A small movement happened in repetition: the two that were behind moved in front, and the three in front moved to the back. Four repetitions each happening with a fluidity unbecoming of the tahr. One tahr pushed the large boulder forward and the bones cracked as they shifted. The two tahr on the opposite side pushed back in opposition, causing the boulder to lie where it was.
They all gathered in front. They turned to follow the others up the path. All five trotted quickly away and left the dead tahr’s body to freeze beneath the rock.
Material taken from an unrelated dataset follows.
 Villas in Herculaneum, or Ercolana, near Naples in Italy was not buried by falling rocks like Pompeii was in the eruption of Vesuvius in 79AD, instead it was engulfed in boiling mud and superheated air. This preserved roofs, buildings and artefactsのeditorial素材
Within an hour, the edges of its skin and flesh had frozen. Only the deepest internal organs were still wet. The legs that had not been crushed became two large branches, stiff and flecked with frozen hair.
#27
The sirens went off and the fisherman knew it was his last fish. The water slowly rose and he packed quickly. As the waters rose faster, he imagined himself from a distance, from above, like a small speck in the landscape. He imagined a wave like a mountain range of snow-capped white peaks. It came rushing down and he saw the tiny speck pummeled underneath the wave.
He kept packing. He would not be that speck. He held his fishing gear precariously in his arms, all the random tools he brought but did not need. As he moved from rock to rock, up the river bank, he knew what he was doing was inefficient, then and now. When he had been a young man at work for the first time, carrying as many stacked steel cups as he could in his two hands and underneath his arms, he would walk from the storage in the basement to the front of the store. There his uncle would glare, wondering why his brother’s son was so stupid and didn’t just use a crate like everyone else. He could hear the waters coming. He ran up the bank to the least steep incline he could find and began to climb. With each step he felt like he would tip back and tumble down into the river. But he did not. Maybe those years of irresponsible carrying had paid off. He saw a tree and suddenly felt safe, knowing that the flood would likely not reach this far. He grabbed the tree and wrapped his body around it, whipping his head around to look down at the flooding river.